Neuron Tools
In this section, each Neuron tool is described with its command-line options. Neuron tools can be invoked directly from the command line, or from inside a C/C++ program using the Neuron API. For details on the Neuron API, see Neuron API Reference.
Neuron Compiler (ncc-tflite
)
ncc-tflite
is a compiler tool used to generate a statically compiled network (.dla file) from a TFLite model.
ncc-tflite
supports the following two modes:
Compilation mode:
ncc-tflite
generates a compiled binary (.dla) file from a TFLite model. Users can use the runtime tool (neuronrt) to execute the .dla file on a device.Execution mode:
ncc-tflite
compiles the TFLite model into a binary and then executes it directly on the device. Use-e
to enable execution mode and-i
<file>-o
<file> to specify the input and output files.
Usage
Basic commands for using ncc-tflite
to convert TFLite model to DLA file that can be inference on the APU:
ncc-tflite -arch mdla2.0,vpu /usr/share/benchmark_dla/ssd_mobilenet_v1_coco_quantized.tflite -o /usr/share/benchmark_dla/ssd_mobilenet_v1_coco_quantized.dla
All options of ncc-tflite
:
Usage:
ncc-tflite [OPTION...] filename
--verify Force tflite model verification
--no-verify Bypass tflite model verification
-d, --dla-file <file> Specify a filename for the output DLA file
--check-target-only Check target support and exit
--resize <dims,...> Specify a list of input dimensions for resizing
(e.g., 1x3x5,2x4x6)
-s, --show-tflite Show tensors and nodes in the tflite model
--show-io-info Show input and output tensors of the tflite
model
--show-builtin-ops Show available builtin operations and exit
--show-mtkext-ops Show available MTKEXT operations and exit
--verbose Enable verbose mode
--version Output version information and exit
--help Display this help and exit
-e, --exec Enable execution (inference) mode
-i, --input <file,...> Specify a list of input files for inference
-o, --output <file,...> Specify a list of output files for inference
--arch <name,...> Specify a list of target architecture names
--platform <name> Platform preference as hint for compilation
-O, --opt <level> Specify which optimization level to use:
[0]: no optimization
[1]: enable basic optimization for fast codegen
[2]: enable most optimizations
[3]: enable -O2 with other optimizations that
take longer compilation time (default: 2)

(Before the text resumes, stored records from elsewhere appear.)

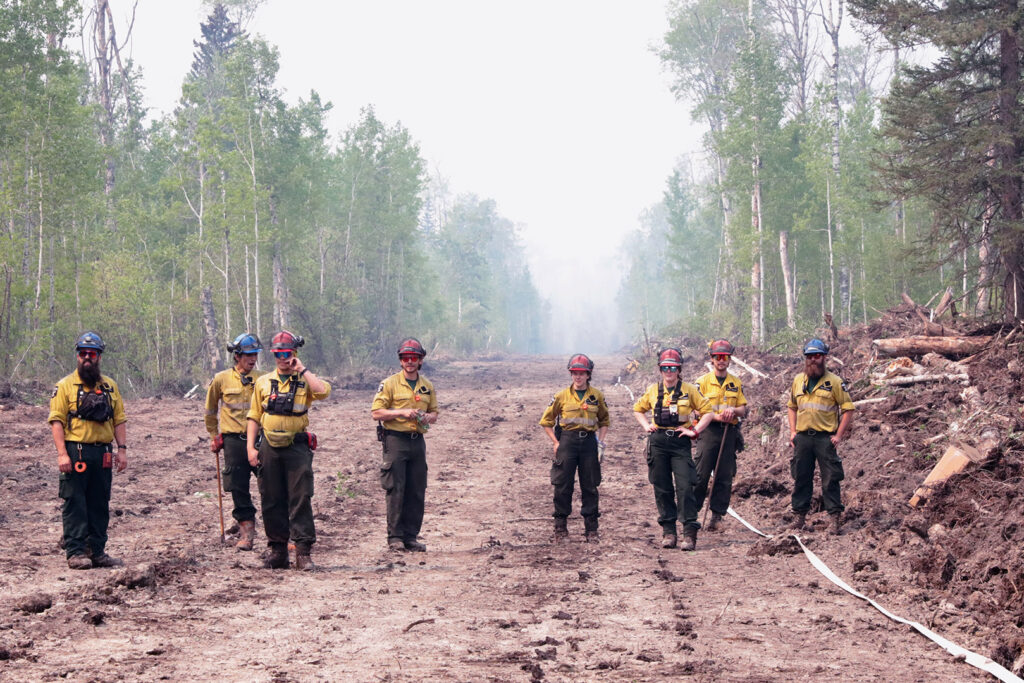 Firefighters stand in a fire guard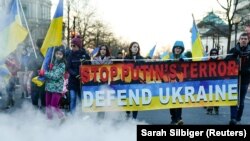 Демонстранти маршираат од споменикот на Линколн до Белата куќа за време на митингот „Застани со Украина“ во Вашингтон, САД, 20 февруари 2022 година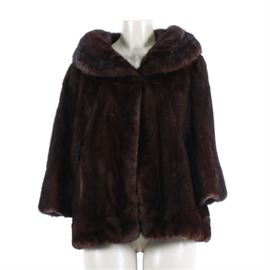 Vintage Classic Mahogany Mink Jacket by Morton Marks Furs: A vintage classic mahogany mink jacket by Morton Marks Furs. This mink jacket features a full shawl collar, two outer pockets, cropped sleeves and a single hook and eye closure.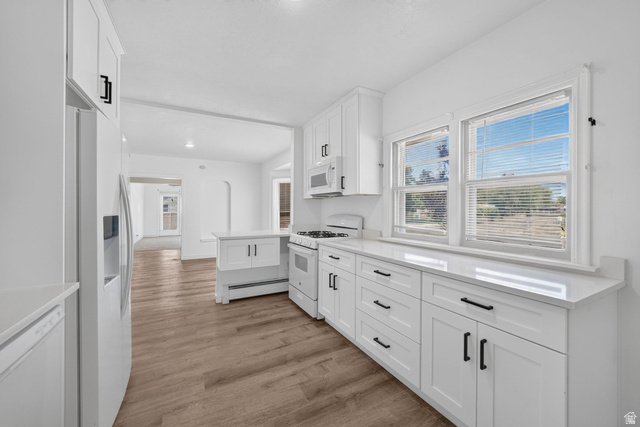220 East Greenwood Avenue Midvale, UT 84047 - Photo 11 of 46 Contemporary kitchen featuring white shaker cabinetry, quartz countertops, white appliances, and wood-finish flooring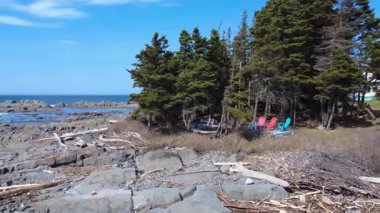 Üç kırmızı ve mavi sandalye ağaçların altında küçük bir ormanlık alanda dizilmiş ve mavi bir gökyüzünün altında, St. Lawrence Nehri 'nin dalgalarla parçalanmış kayalık kıyılarını inceliyorlar. Mtis-sur-Mer, Quebec, Kanada, 2025.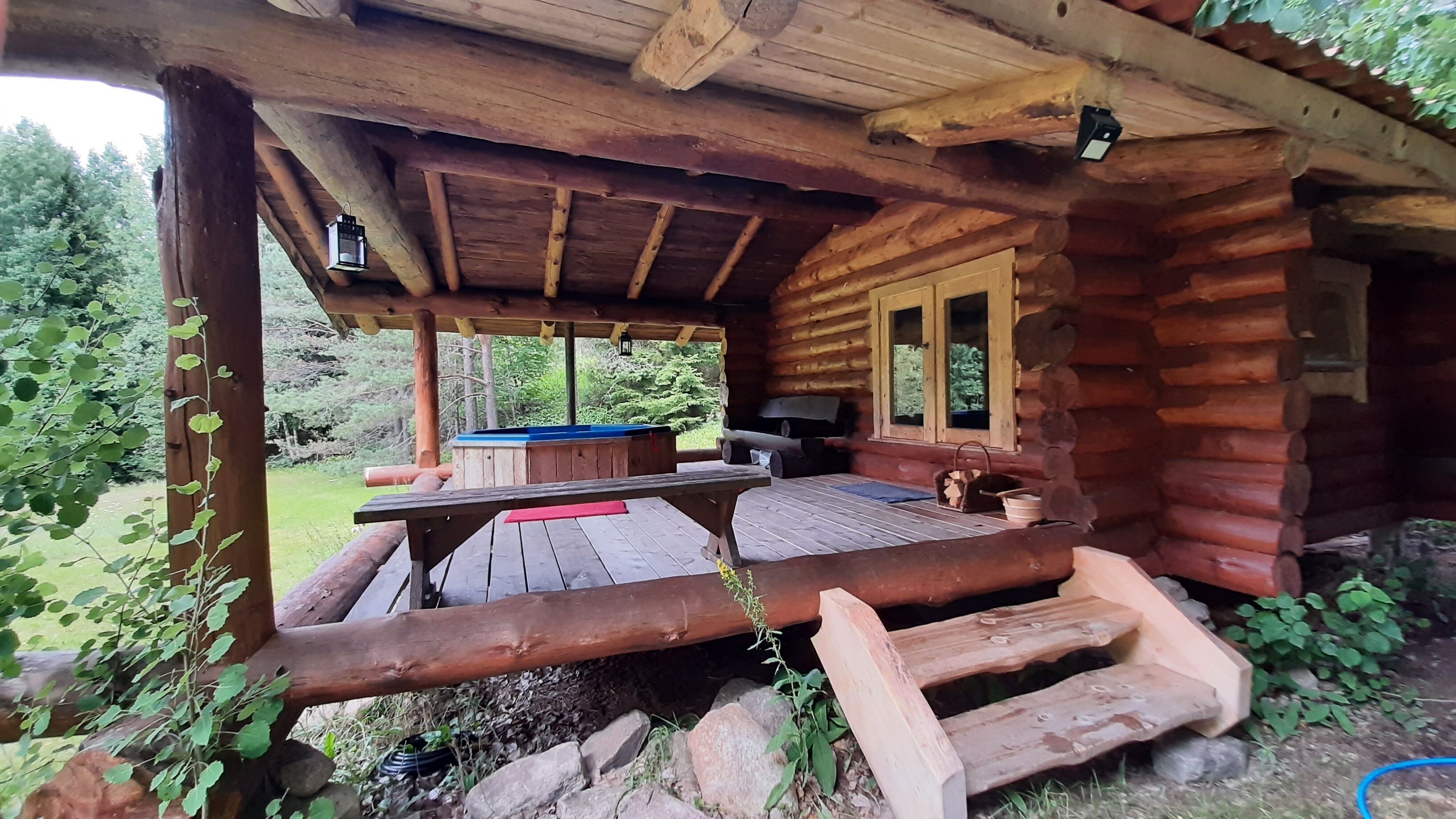 A rustic wooden cabin with a covered patio area, a pool table, and a seating area with a table and chairs.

--opt-accuracy Optimize for accuracy
--opt-aggressive Enable optimizations that may lose accuracy
--opt-bw Optimize for memory bandwidth
--opt-footprint Optimize for memory footprint
--opt-size Optimize for size, including code and static
data
--relax-fp32 Run fp32 models using fp16
--l1-size-kb <size> Hint the size of L1 memory (default: 0)
--l2-size-kb <size> Hint the size of L2 memory (default: 0)
--suppress-input Suppress input data conversion
--suppress-output Suppress output data conversion
--gen-debug-info Produce debugging information in the DLA file.
Runtime can work with this info for profiling
--show-exec-plan Show execution plan
--show-memory-summary Show memory allocation summary
--dla-metadata <key1:file1,key2:file2,...>
Specify a list of key:file pairs for DLA
metadata
--disallow-bridge Report error if bridging is needed
--avoid-reorder Keep execution order during graph optimization
if possible
--extract-static-data <filename>
Extract static parameters into file and make
them as input tensors
--intval-color-fast Disable exhaustive search in interval coloring
--show-l1-req Show the requirement for L1 without dropping.
Only effective when global buffer allocation is
in effect
--int8-to-uint8 Convert data types from INT8 to UINT8
--fc-to-conv Convert Fully Connected to Conv2D
--decompose-qlstmv2 Decompose QLSTM V2 to sub-OPs
--stable-linearize Stable linearize NIR (respect the input NIR
order), making layer order predictable
--rewrite-pattern <pattern1,pattern2,...>
Specify a list of patterns to be rewritten if
matched in a graph.
Use --rewrite-pattern=? to show available
patterns
--sink-concat Sink concat operations if possible
--reshape-to-4d Reshape tensor to 4D if possible
aps options:
--aps-cbfc-vids <vid,...>
Provide idle CBFC vids for APS internal use.
(e.g., 0,1)
--aps-ext-datatype Enable more datatype support for extension.
gno options:
--gno <opt1,opt2,...> Specify a list of graphite neuron optimizations.
Available options: NDF, SMP, BMP
--basic-tiling Enable basic tiling
gpu options:
--cltuner-file <path> An output file path for CL tuner that generates
optimization settings (default:
/vendor/etc/armnn_app.config)
--cltuning-mode <mode> Set the tuning level of CL tuner (default: -1)
--cmdl-dir <path> An output directory for CmdL that dumps infos
--clprofile Enable CmdL clprofile
--clfinish Enable CmdL clfinish
mdla options:
--num-mdla <num> Use numbers of MDLA cores (default: 1)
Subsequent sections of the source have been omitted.